İbrahim Kalın, sanatçıların dün yaptıkları bir açıklama ile zaten pozisyonlarını net bir şekilde ortaya koyduklarını belirterek, “Bundan sonra da biz birlik ve beraberlik içerisinde Türkiye’nin en fazla birlik ve dayanışmaya ihtiyaç duyduğu günlerde bu birliği ve beraberliği devam ettireceğiz. Bu konuda herhangi bir tereddüdümüz söz konusu değildir” dedi.
Türkiye-İran-Rusya Üçlü Zirvesi’nin ardından yapılan ortak açıklamada “PYD/YPG” vurgusunun neden olmadığı yönündeki soruya Kalın, zirvenin ortak açıklamasında 1. sayfanın 4. paragrafında buna açık bir atıf olduğunu belirtti.
Açıklamadaki “Terörle mücadele kisvesi altında sahada yeni gerçeklikler yaratılmasına dair her türlü girişim reddedilmiştir” ifadelerini okuyan Kalın, bunun PYD/YPG terör örgütlerine bir atıf olduğunun çok açık olduğunu söyledi.
Kalın, “Bunun, bu şekilde deklarasyona girmiş olması da bizim PYD/YPG konusundaki pozisyonumuzun, diğer ülkeler tarafından da paylaşıldığını teyit etmektedir” dedi.
Türkiye’nin bu konudaki pozisyonun değişmeyeceğinin altını çizen Kalın, Zeytin Dalı Harekatı’nın da bu çerçevede gerçekleştirildiğini vurguladı.
Kalın, “Bütün o bölge, buna Tel Rıfat da dahil, terör unsurlarından temizlenene kadar bu harekat devam edecektir. Zeytin Dalı Harekatı’nın kapsamının, ne olacağının ve ne zaman tamamlanacağının kararını verecek olan Türkiye Cumhuriyeti devletidir. Çünkü burada Suriye’nin toprak bütünlüğü kadar, bizim ulusal güvenlik önceliklerimiz de dikkate alınması gereken en önemli unsurdur” değerlendirmesinde bulundu.
“İNSANİ YARDIMLAR KONUSUNDA, REJİM ÜZERİNDEKİ BASKI ARTIRILMALI”
Suriye’ye insani yardımların detaylarının sorulması üzerine Kalın, Türkiye’nin kontrolü altındaki bölgelere insani yardımların ulaştırıldığını, Tel Rıfat, Humus, İdlib, Tel Abyad gibi diğer bölgelere de insani yardımların ulaştırılması konusunda hazırlıkların yapıldığını bildirdi.
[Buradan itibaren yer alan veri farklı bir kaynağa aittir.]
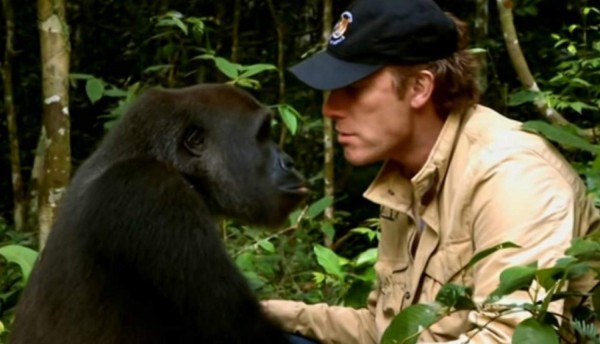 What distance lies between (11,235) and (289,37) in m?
2.94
Kalın, “Önümüzdeki günlerde Amerika’nın başını çektiği Koalisyon Güçleri, Rusya ve İran ile istişare etmek suretiyle bu alanların nereler olacağını, Sahra Hastanesi, mevcut hastanelerin imar edilmesi, doktor, tıbbi malzeme gönderilmesi, diğer insani yardımların ulaştırılması, fırınların kurulması gibi konuları hem AFAD hem Kızılay hem diğer insani yardım örgütleri üzerinden planlayacağız” ifadelerini kullandı.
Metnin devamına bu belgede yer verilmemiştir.